経営の中枢に入る財務専門家の存在が重視されてきています。経済産業省が発表した有識者会議で取りまとめられた「伊藤レポート」から、CFOに関する部分を紹介します。
伊藤レポートは、2013年に立ち上げられた「持続的成長への競争力とインセンティブ~企業と投資家の望ましい関係構築~」プロジェクト(座長:伊藤邦雄 一橋大学大学院商学研究科教授)の議論を取りまとめたもの。2014年8月に最終報告が行われました。
レポートの目的は、企業が投資家との対話を通じ、持続的成長に向けた資金を獲得し、企業価値を高めていくための課題を分析、提言することです。
レポートでは、日本経済の現状認識として、マクロ経済状況の改善がみられるとしながら、継続的な成長軌道に乗せていくためには、ミクロ、つまり個々の企業の競争力、収益力を高めていくことが急務であるとしています。
レポートでは、その実現のため、資本効率を意識した経営改革、経営者と投資家の双方向の対話が必要であることを強調。
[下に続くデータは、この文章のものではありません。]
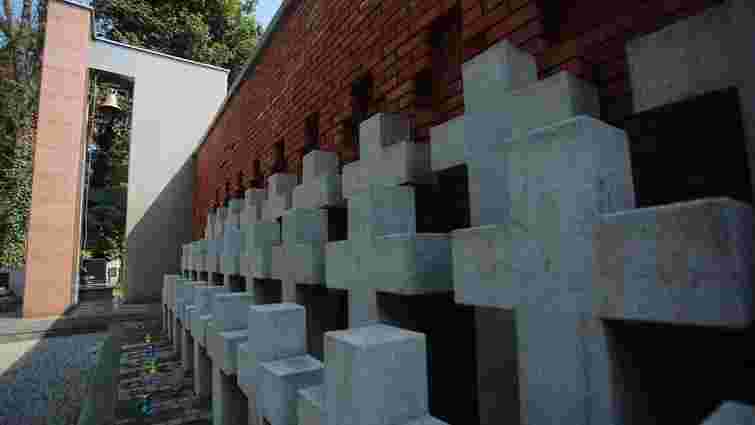 На Янівському кладовищі Львова відкрили «Дзвін Пам’яті»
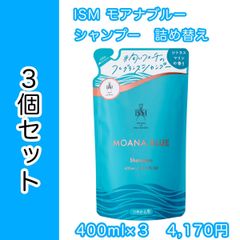 ISM ism イズム シャンプー モアナブルー 詰め替え ３個セット  LDK the Beauty シャンプー＆コンディショナー部門 2021年上半期第1位受賞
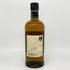 【空きボトル】東京都限定◆ニッカ 竹鶴 ピュアモルト 白ラベル 700ml 43% NIKKA 【H2】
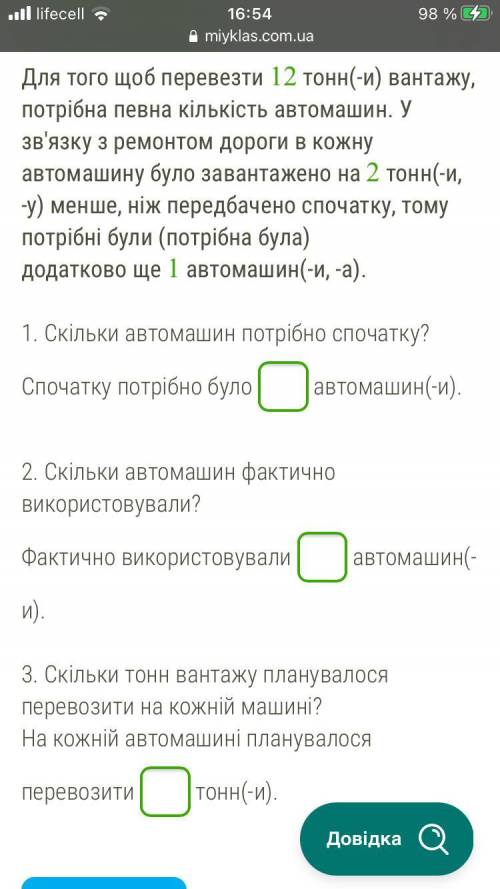 Для того щоб перевезти 12 тонн(-и) вантажу, потрібна певна кількість автомашин. У зв'язку з ремонтом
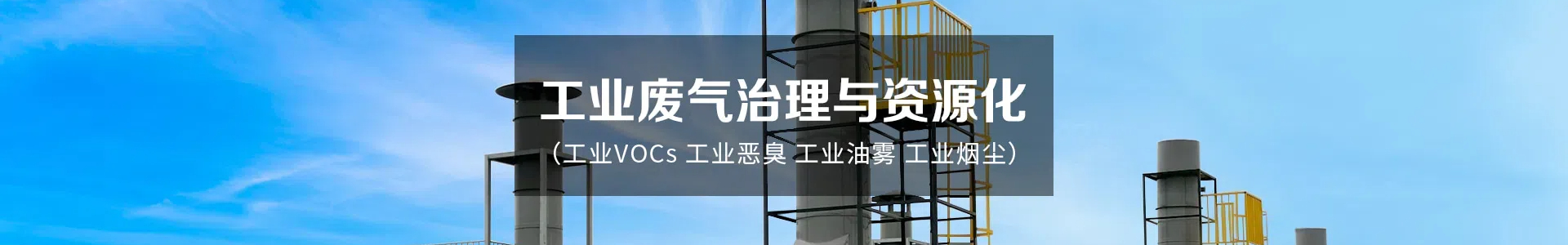 玻璃鋼冷卻塔運轉(zhuǎn)注意事項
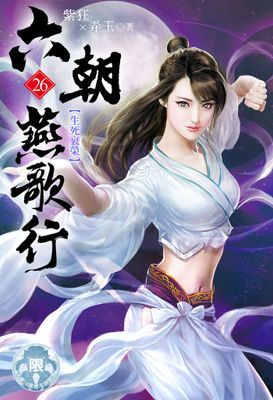作品封面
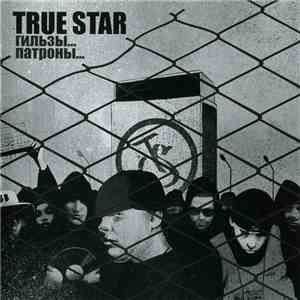 True Star - Гильзы… Патроны…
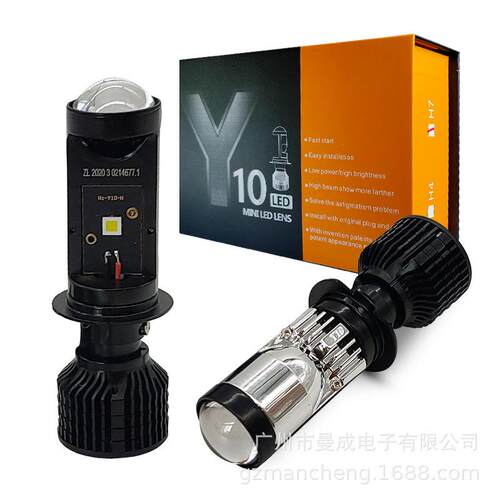 汽车led大灯H4H7透镜改装前照灯远近光一体灯泡led车灯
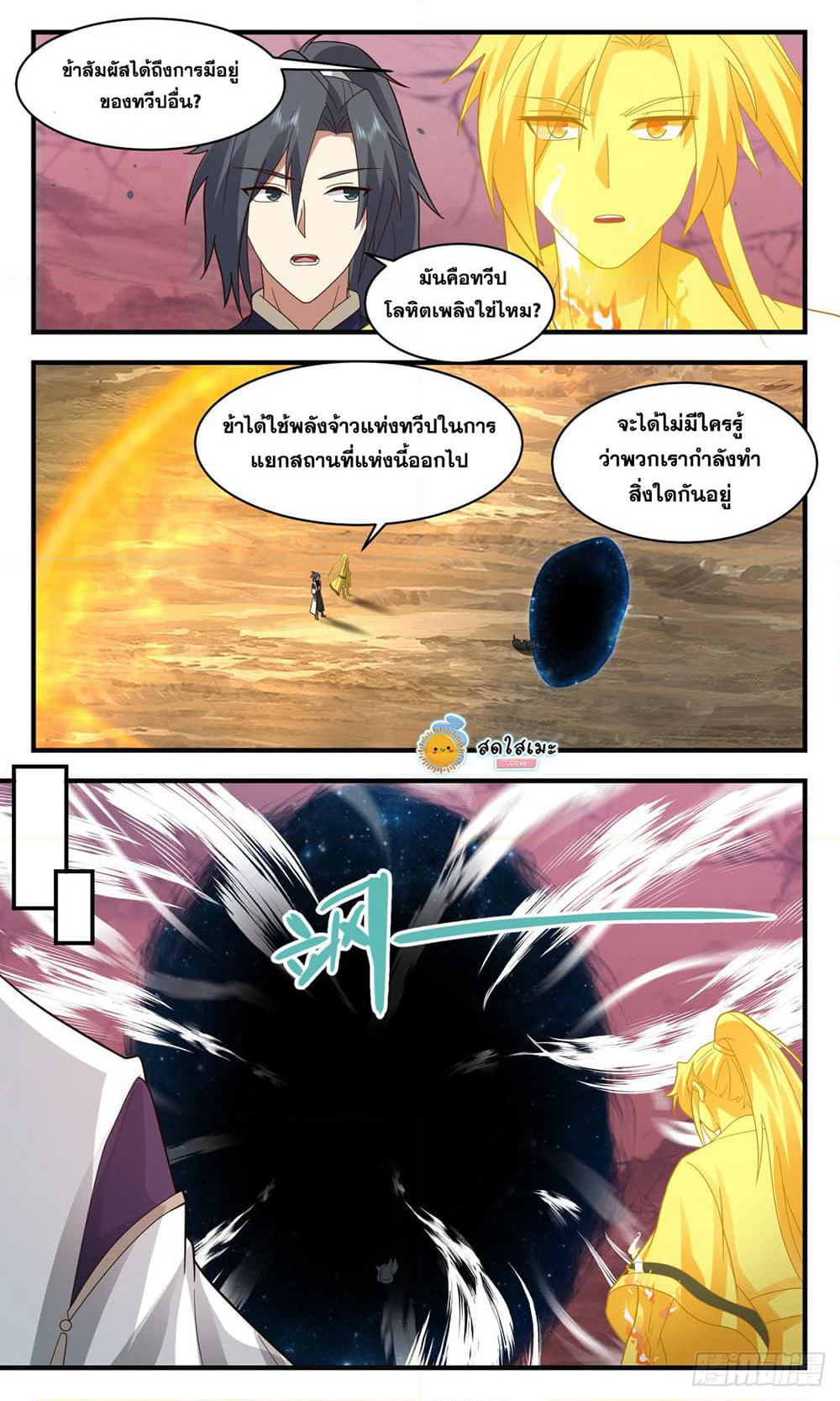 Martial Peak เทพยุทธ์เหนือโลก page 8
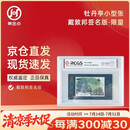 T99M牡丹亭小型张邮票 设计师戴敦邦签名版 封装鉴定 保真真品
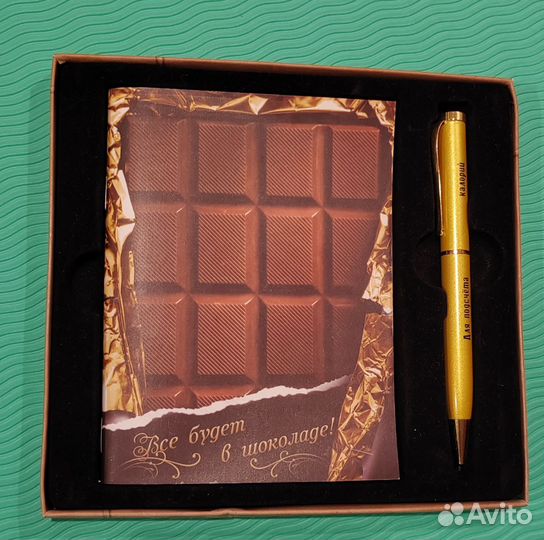 Подарочный набор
資本コストやROE(自己資本利益率)等の資本規律を中長期的な経営指標として組み込んでいくこと、ビジネスモデルやマネジメントシステム、インセンティブ構造等を変革し、精度の高いリスク・マネジメントを行いつつ、適切にリスクを取ることで、イノベーションを促すことを提言しています。
長期的な発展を目指した投資を促すために、財務情報が重要であることは論を待ちません。
そこで掲げられる重要な存在がCFOです。
レポートでは「CEOが思い切った経営執行する前提条件として、経営者と二人三脚で企業経営を行うべき『経営者としての財務最高責任者(CFO)』の存在が重要である」と言及。
「CFO人材のプールを拡充すべく、その育成・強化に注力していくこと」を提言しています。
CFOへの注目は、とりもなおさず、公認会計士や税理士といった会計専門家の企業内における活躍への期待を示しています。
レポートで示されるCFOの「強化・育成」が、政府あるいは個々の企業において、どのような施策、取り組みにつながっていくのか、注目が集まるところです。レポートで示された認識は、現在監査法人や会計事務所、コンサルティングファームに勤務する会計士の将来のキャリアプランにも、一定の影響を及ぼすことになるのではないでしょうか。